BEGIN Source data

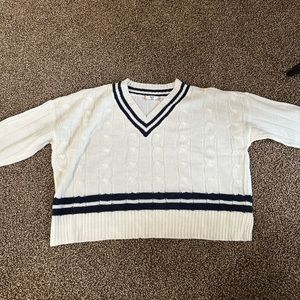 White knitted top with blue stripes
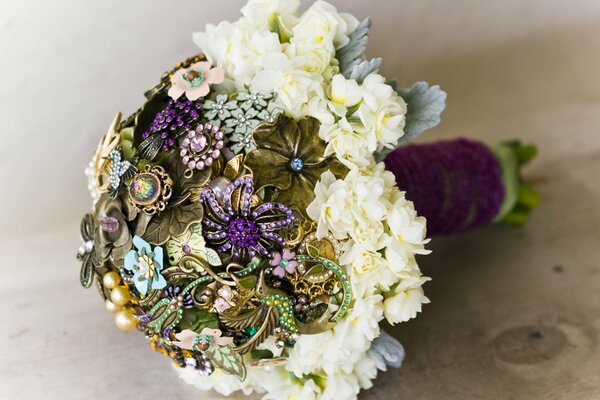 Wedding bouquet with beaded jewelry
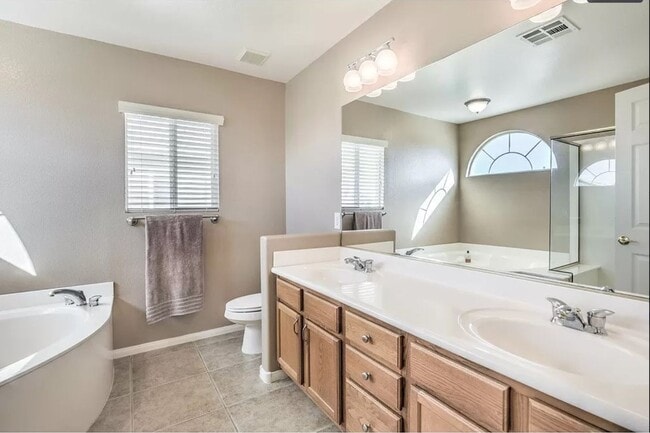 Building Photo - Two-story 4 BR & 3 BA designs offer luxuri...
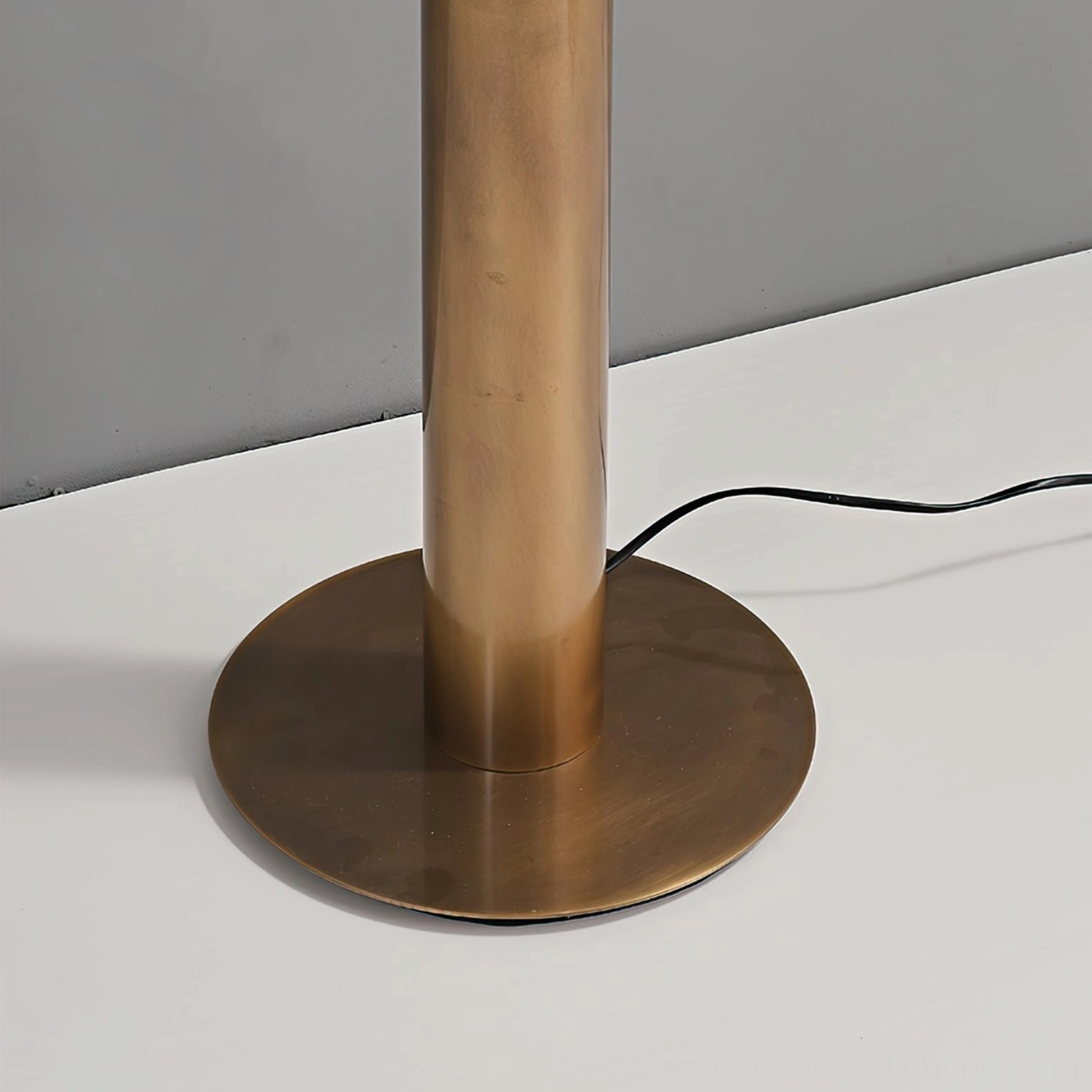 Close-up top-down detail of floor lamp base showing brushed antique brass metal construction and finish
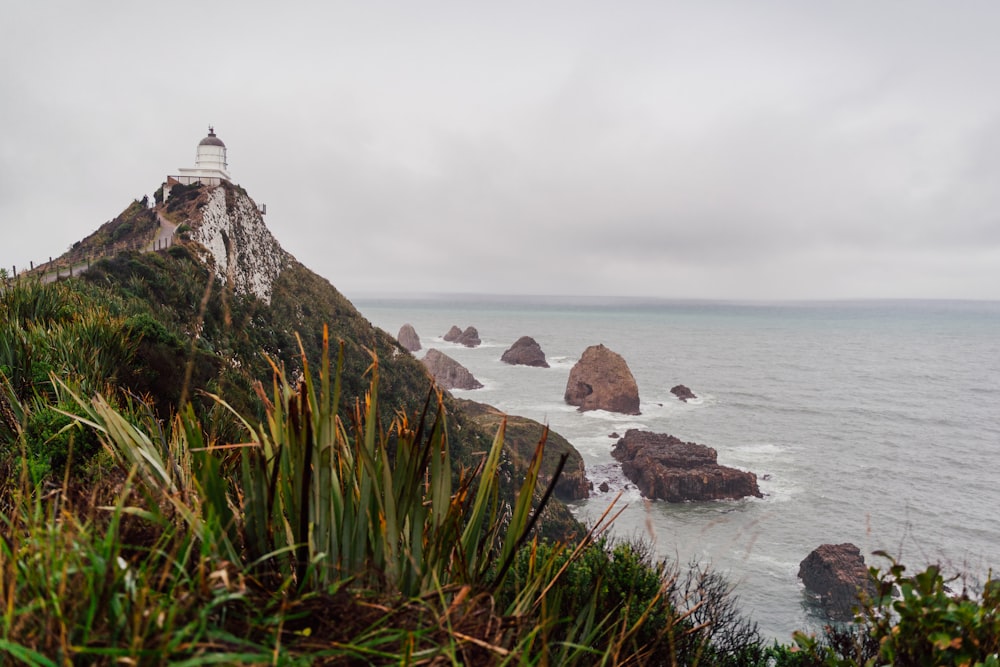 a lighthouse on a rocky cliff over the ocean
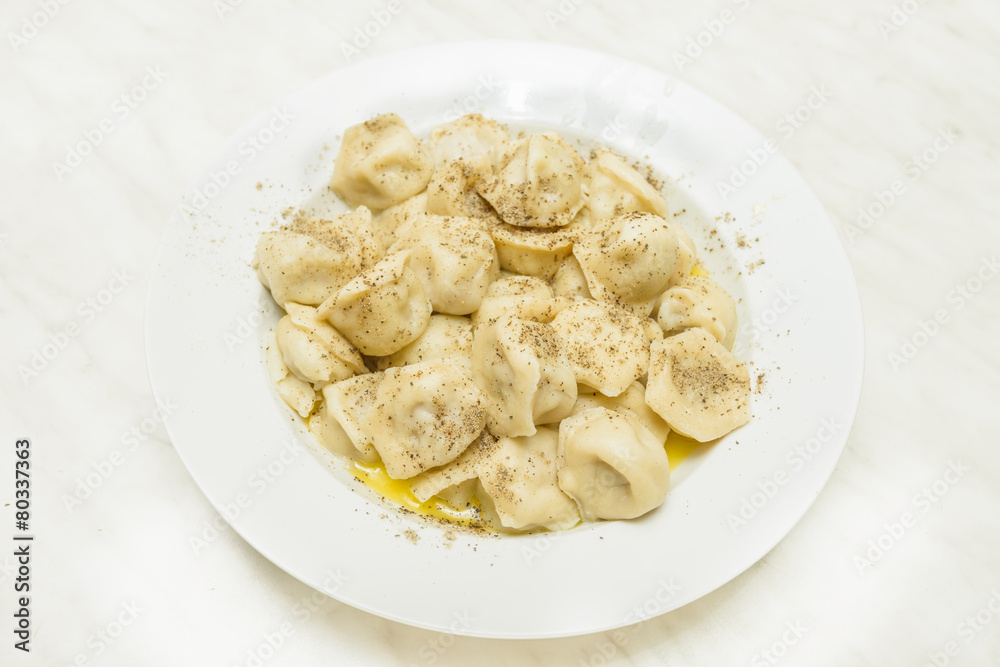 cooked pelmeni sprinkle with pepper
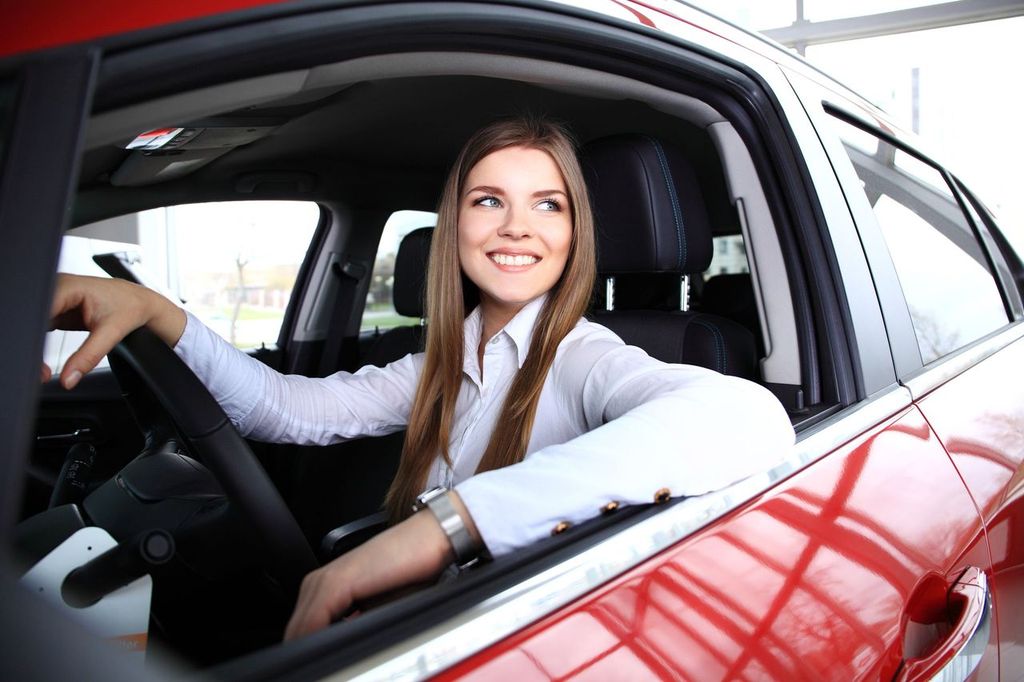 Frau sitzt im Auto und sieht glücklich aus.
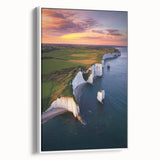 Framed canvas artwork depicting a scenic landscape with majestic cliffs, featuring soft earthy tones and a white border, ideal for home decor enhancement.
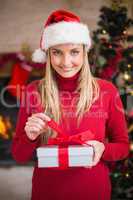 Smiling woman in santa hat opening a gift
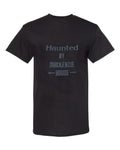 Haunted by Mackenzie House printed in white lettering on a black t-shirt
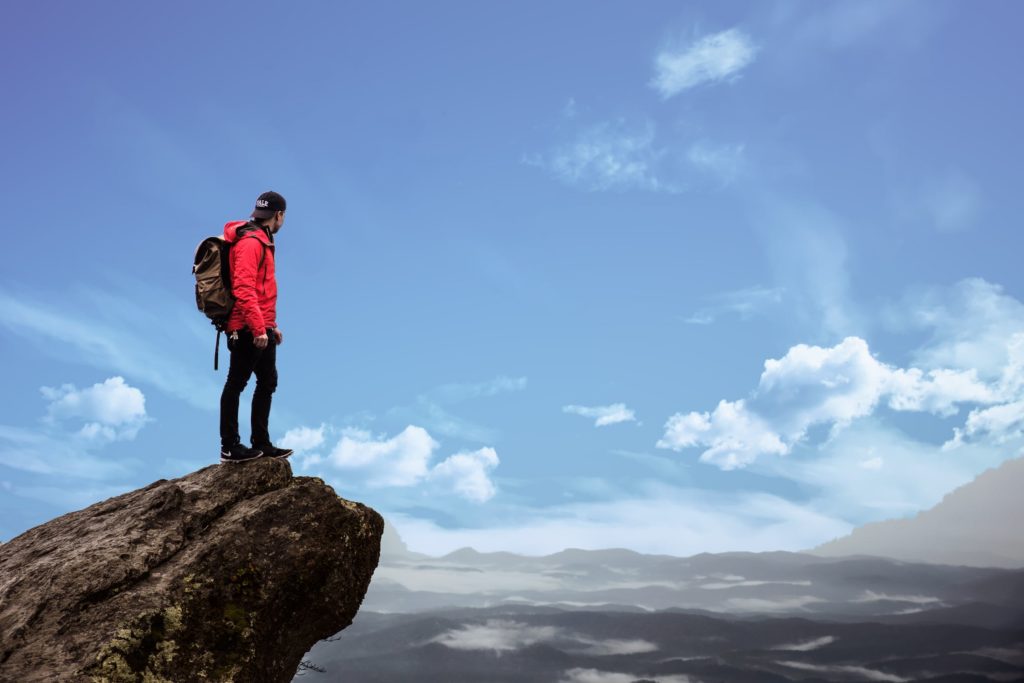 a man standing on a rock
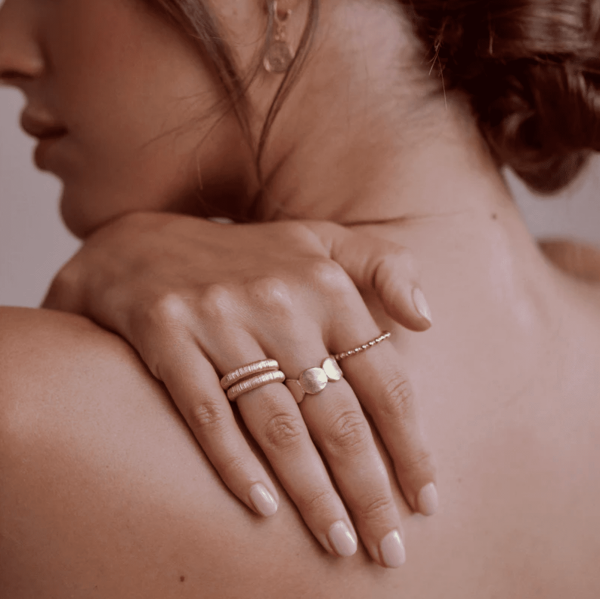 woman wearing the Come Ring by the brand Agapé Studio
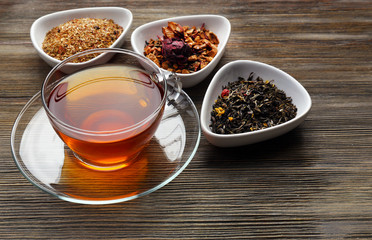 Tea concept. Different kinds of dry tea in ceramic bowls. Glass cup of tea on wooden background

END Source data

# To do
Exactly as they stand, retype all the entries, but omit the pictures.

# Your response
 White knitted top with blue stripes
 Wedding bouquet with beaded jewelry
 Building Photo - Two-story 4 BR & 3 BA designs offer luxuri...
 Close-up top-down detail of floor lamp base showing brushed antique brass metal construction and finish
 a lighthouse on a rocky cliff over the ocean
 cooked pelmeni sprinkle with pepper
 Frau sitzt im Auto und sieht glücklich aus.
 Framed canvas artwork depicting a scenic landscape with majestic cliffs, featuring soft earthy tones and a white border, ideal for home decor enhancement.
 Smiling woman in santa hat opening a gift
 Haunted by Mackenzie House printed in white lettering on a black t-shirt
 a man standing on a rock
 woman wearing the Come Ring by the brand Agapé Studio
 Tea concept. Different kinds of dry tea in ceramic bowls. Glass cup of tea on wooden background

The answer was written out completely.